Kino has a .FLV converter too. That's interesting. But I don't think I want to keep archives of .FLV files. I'm a bit conservative about file formats and I tend to go with standards (de-factor, or de-jure) when given the choice between file formats which are on different points on the standard-non-standard continuum.

I've looked around for scripts to do this conversion. Haven't looked hard enough though, apparently. I could read the manpages and learn enough about video and audio encodings and transcoding so that I could hack up my own scripts. Too lazy to do that though. I'll wait until something comes along that's better than what I've got.

This is what it feels like to be a mere user :-). Normally I'd just totally geek and learn what I needed to get something working.
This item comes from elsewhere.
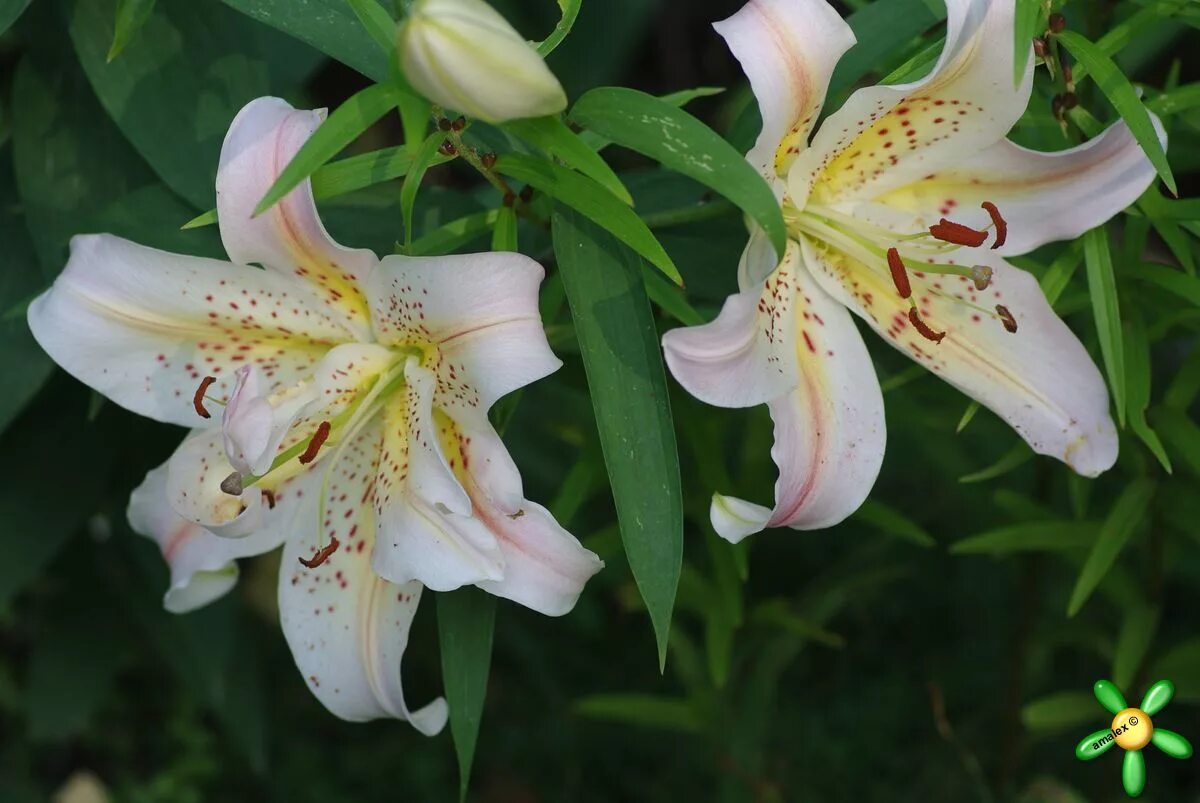 Лилия брокен харт описание. Лилия лион харт. лилия париж харт. лилия танго париж харт. лилия брокен харт.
Taking care of my son, and taking videos, and juggling disk space so that the videos will fit and can be backed up though, that takes all my time :-).

I've looked (via ps auxw) at the command line commands that kino spews to do the conversion. I may test some of that out. I don't know if everything I need is in there though. If it is, and a test works tomorrow, I'll hack something up and possibly post it here. But possibly not, too. Nonworking holiday tomorrow, I'll be playing with my son :-).

Sunday, October 21, 2007

Gmail Advanced

I just went and installed Better Gmail and Gmail Manager on my laptop, both firefox add-ons. I'm going to have to install both of those everywhere.

The Mail.app mac-like skin from Better Gmail looks great. I first tried Super Clean but abandoned it quickly since I found it unusable.

GMail manager lets me have two or more tabs to gmail, each tab being a different account. That's very useful and I may finally switch over to using web based gmail for my gmail accounts because of that (I'll still have to keep evolution for backup and for access to my IMAP email at work. But finally GMail is much more usable when I can have multiple tabs, one for each account.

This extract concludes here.